## Task directions
Look for the line containing "Marcatore di legno" and the line containing "Bijoux Touareg Ethniques" in the entries below. Copy those two and all lines between them exactly, leaving out pictures.

## Records supplied
☆ ☆ ☆ ☆

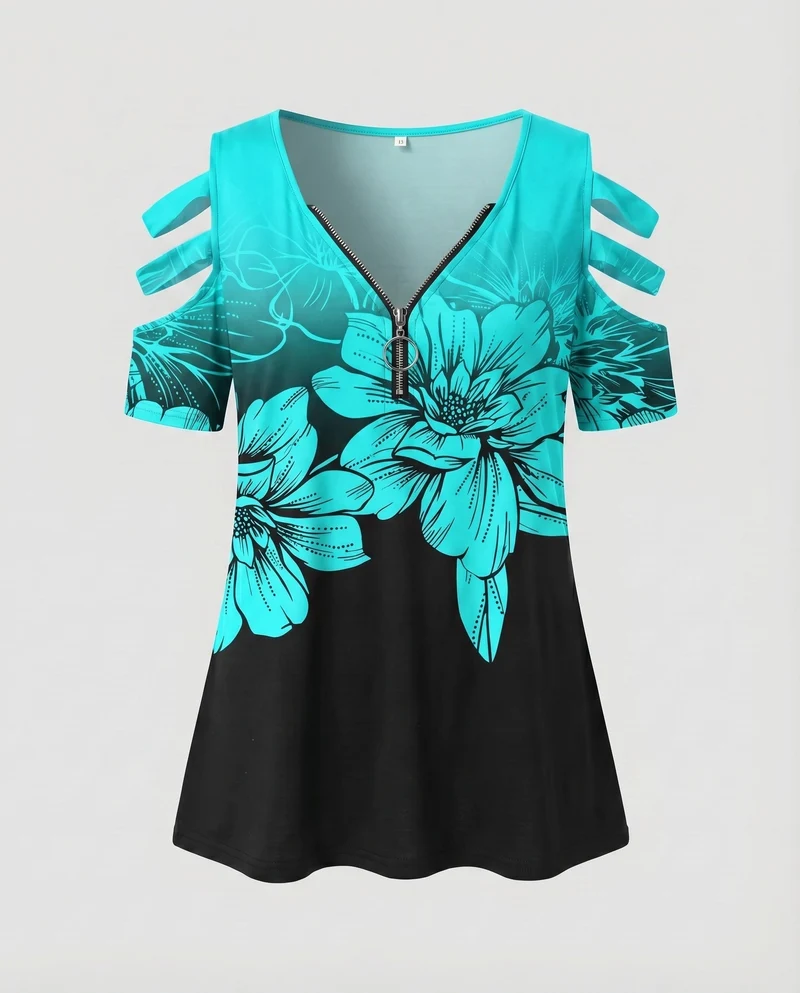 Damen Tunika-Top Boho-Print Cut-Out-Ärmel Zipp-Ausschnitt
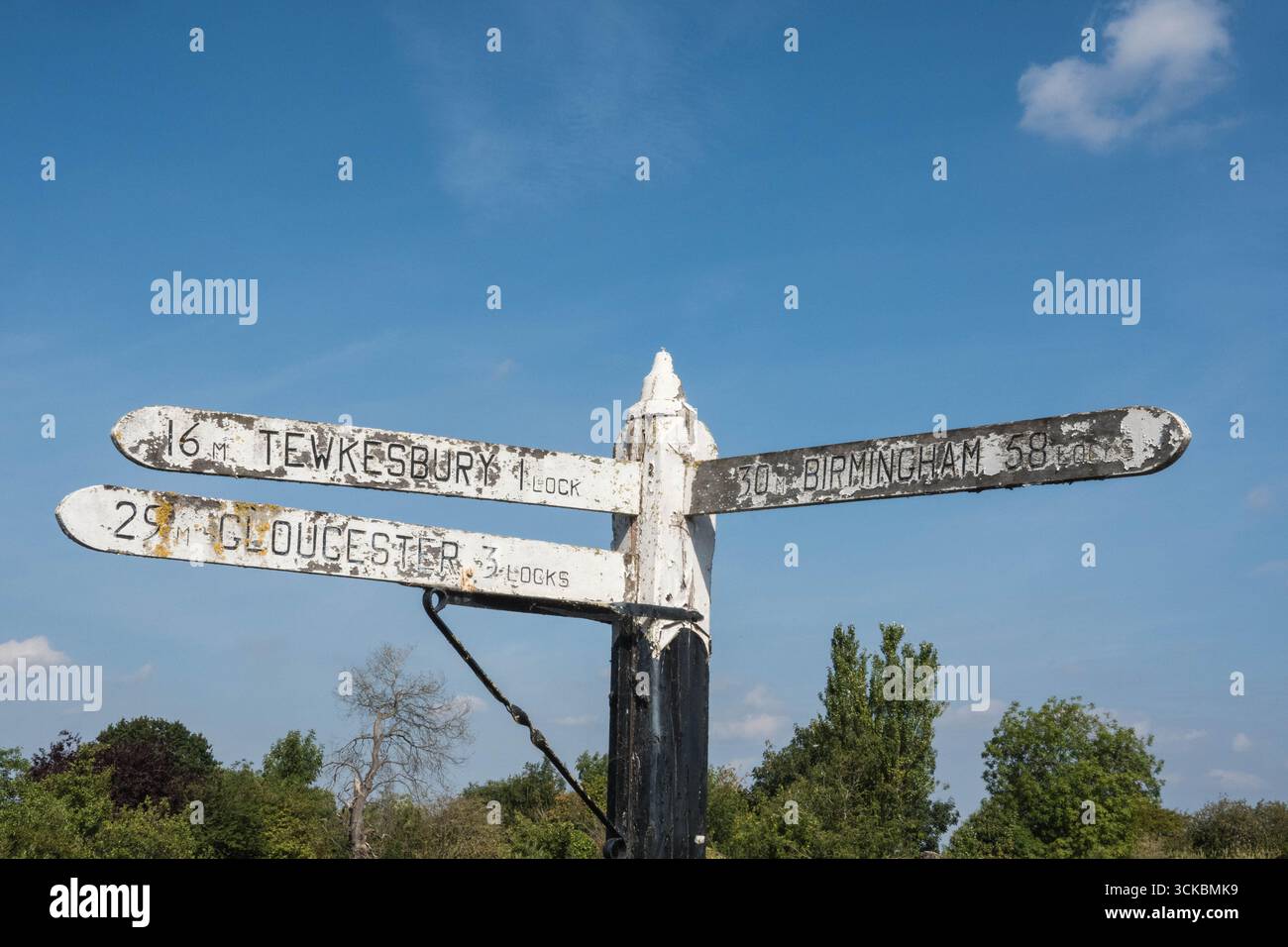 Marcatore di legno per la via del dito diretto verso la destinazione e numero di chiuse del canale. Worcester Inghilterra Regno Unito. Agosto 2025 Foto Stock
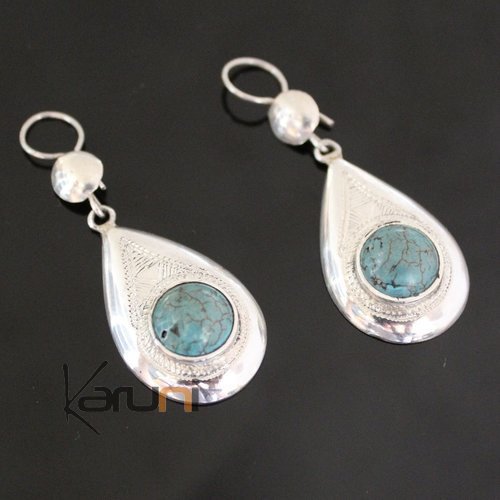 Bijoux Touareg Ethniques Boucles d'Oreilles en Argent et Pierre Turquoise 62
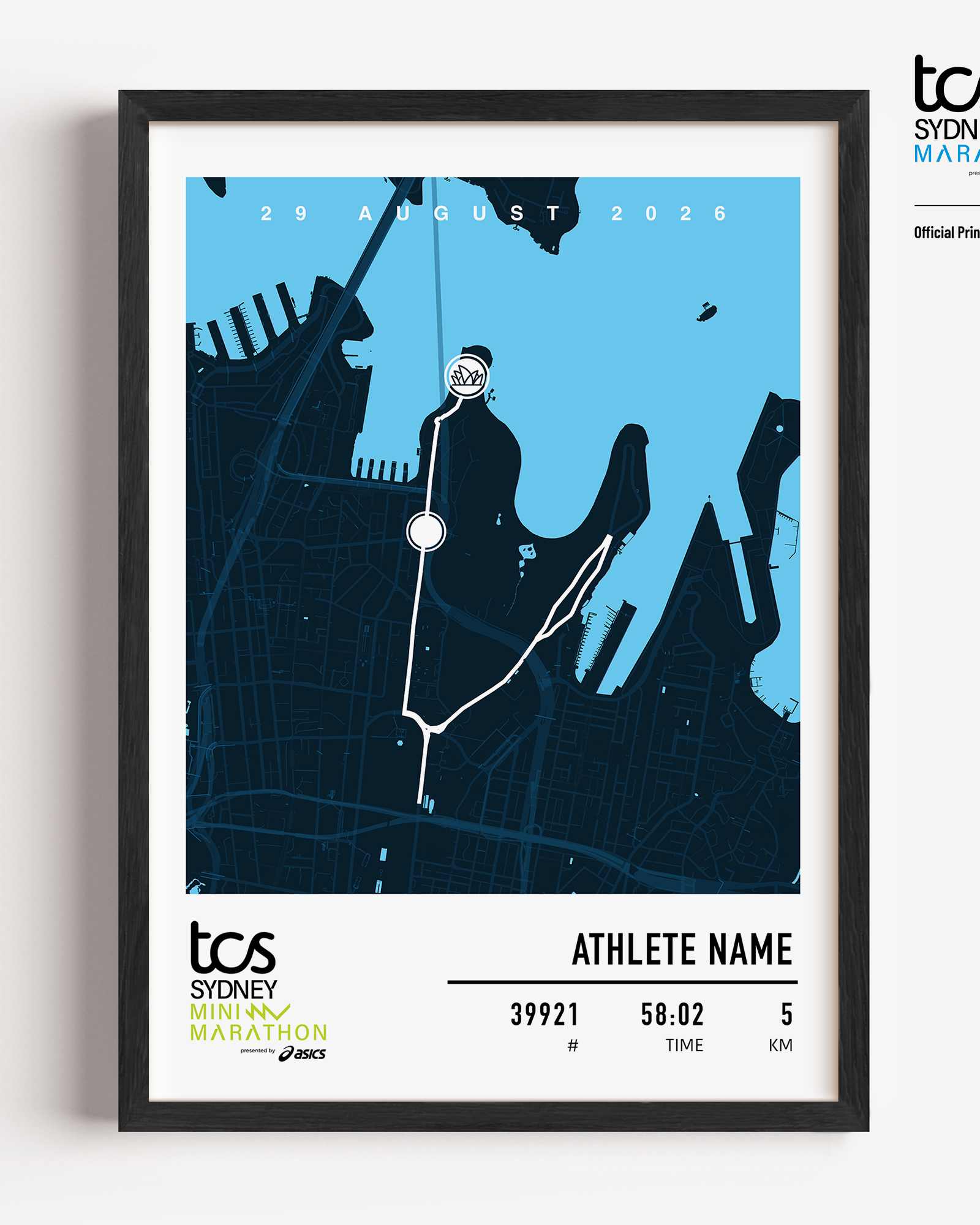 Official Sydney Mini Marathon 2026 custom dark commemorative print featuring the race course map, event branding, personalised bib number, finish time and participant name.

☆ ☆ ☆ ☆

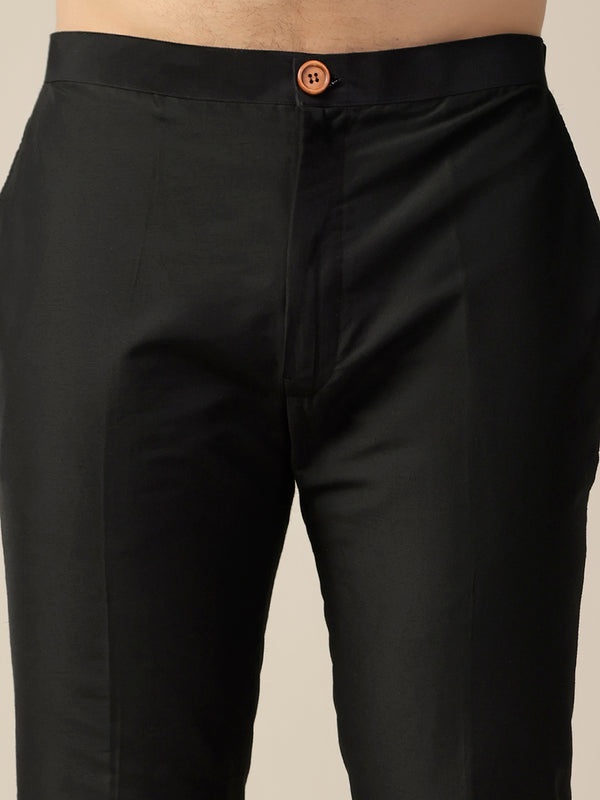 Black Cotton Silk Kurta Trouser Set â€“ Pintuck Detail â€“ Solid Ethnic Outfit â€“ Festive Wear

☆ ☆ ☆ ☆

## Written response
 Marcatore di legno per la via del dito diretto verso la destinazione e numero di chiuse del canale. Worcester Inghilterra Regno Unito. Agosto 2025 Foto Stock
 Bijoux Touareg Ethniques Boucles d'Oreilles en Argent et Pierre Turquoise 62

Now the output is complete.